How large this really was is debatable. But the northern Europeans appear to value it a lot. Therefore they should be willing to pay to make Greece’s life happier inside the euro zone then it would be via exit and devaluation.
So far that has simply not happened. There is no dispute that Greece would today be vastly better off if it had done an Iceland back in 2010.
Now comes the IMF research staff to say–not surprisingly to anyone who has been following the news on multipliers–that the Eurozone’s program for Greece will block Greek recovery for, effectively, as long as it is not replaced by something that recognizes the shape of economic reality:
The I.M.F. Is Telling Europe the Euro Doesn’t Work: “The I.M.F. memo amounts to an admission that the eurozone cannot work in its current form…
:…It lays out three options for achieving Greek debt sustainability, all of which are tantamount to a fiscal union, an arrangement through which wealthier countries would make payments to support the Greek economy. Not coincidentally, this is the solution many economists have been telling European officials is the only way to save the euro–and which northern European countries have been resisting because it is so costly…. Of course, the main alternative to a deal is a Greek exit from the euro, which would also be costly to European holders of existing Greek debt, who could expect to be repaid in devalued drachmas, if at all. That is a reason for European governments to be willing to pay the price prescribed by the I.M.F. to make a Greek deal work. But the I.M.F. officials are saying they cannot pretend that a bailout deal will lead to an eventual payment in full from Greece.
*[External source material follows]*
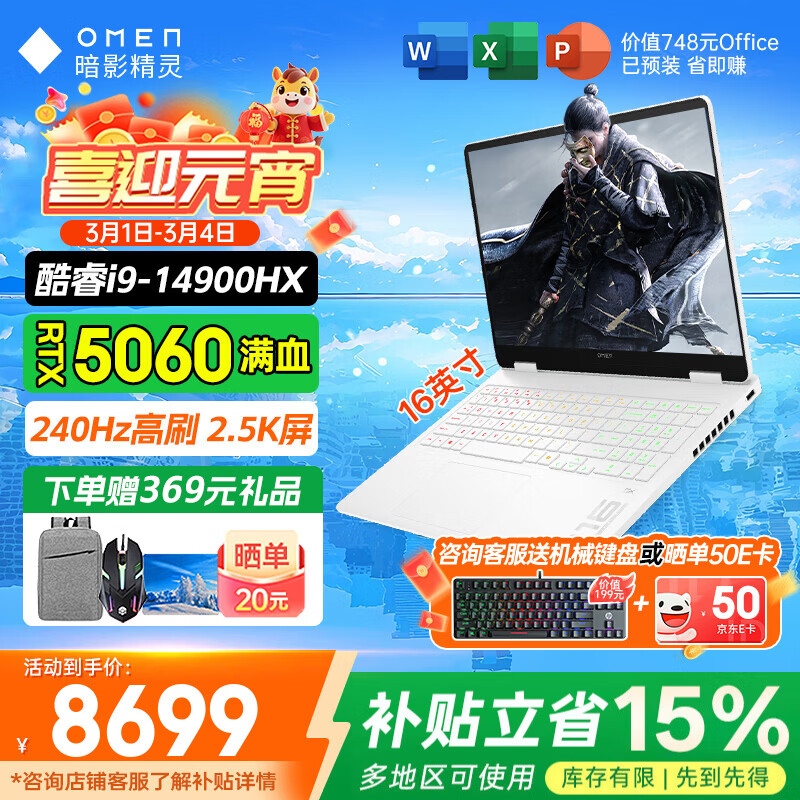 惠普(HP)OMEN暗影精灵11/MAX【2025新品】16英寸学生5060游戏本笔记本电脑 i9-14900HX【RTX5060】32G 白色 标配:1T高速固态/2.5K高分+240Hz高刷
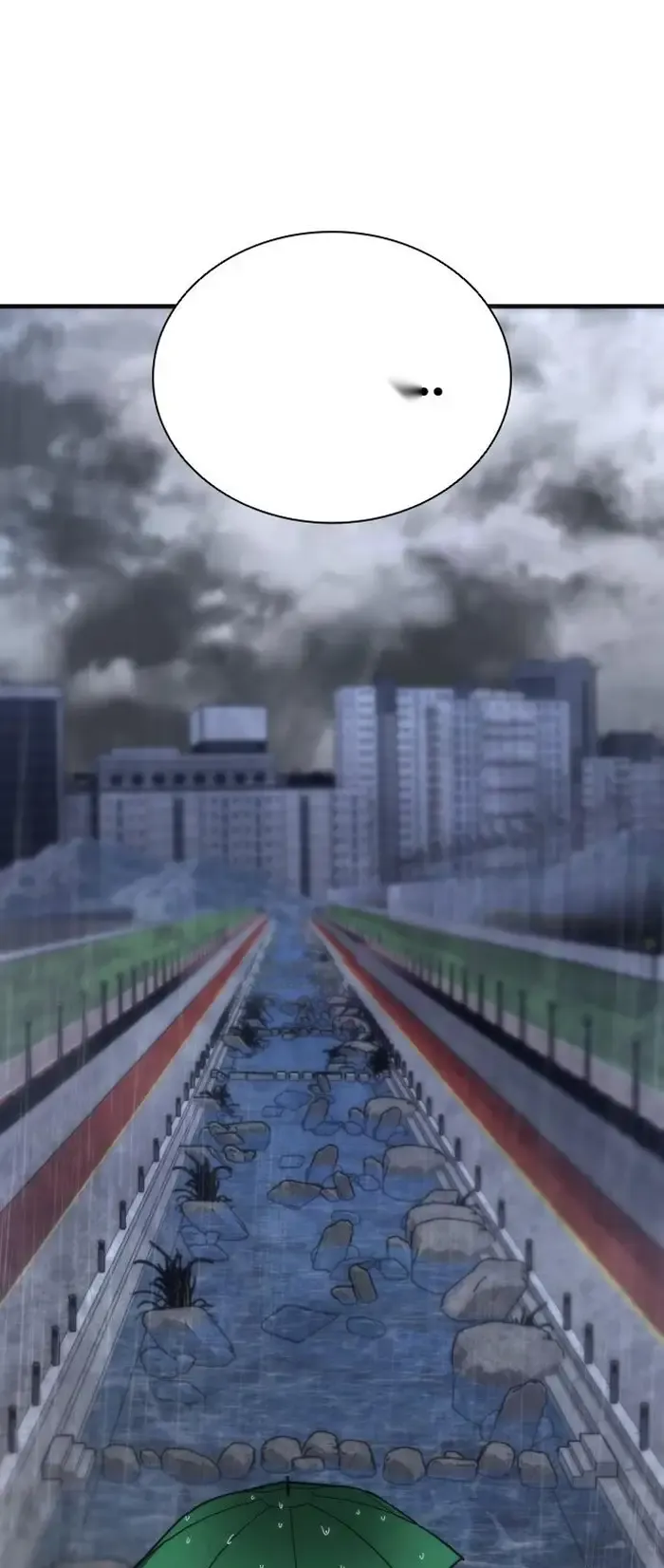 Read Zombie Revelation_ 82-08 fr Manga Online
If Greece stays in the euro, it will need much more financial support from the rest of Europe than was admitted in Monday’s deal, and the I.M.F. is asking European governments to put that admission on paper.
And Paul Krugman:
Roach Motel Economics: “The crude Phillips curve I estimated for Greece…
:…suggests that it takes about 4 point-years of output gap to reduce prices relative to baseline by 1 percentage point. So suppose that you are 25 percent overvalued, and get no help from higher inflation in the core. Then ‘internal devaluation’ requires sacrificing around 100 percent of a year’s GDP…. Countries as overvalued as much of the European periphery became thanks to the lending boom are supposed to sacrifice a full year’s economic output as part of a process of beating prices and wages down. Now more than ever, the euro looks like a terrible idea.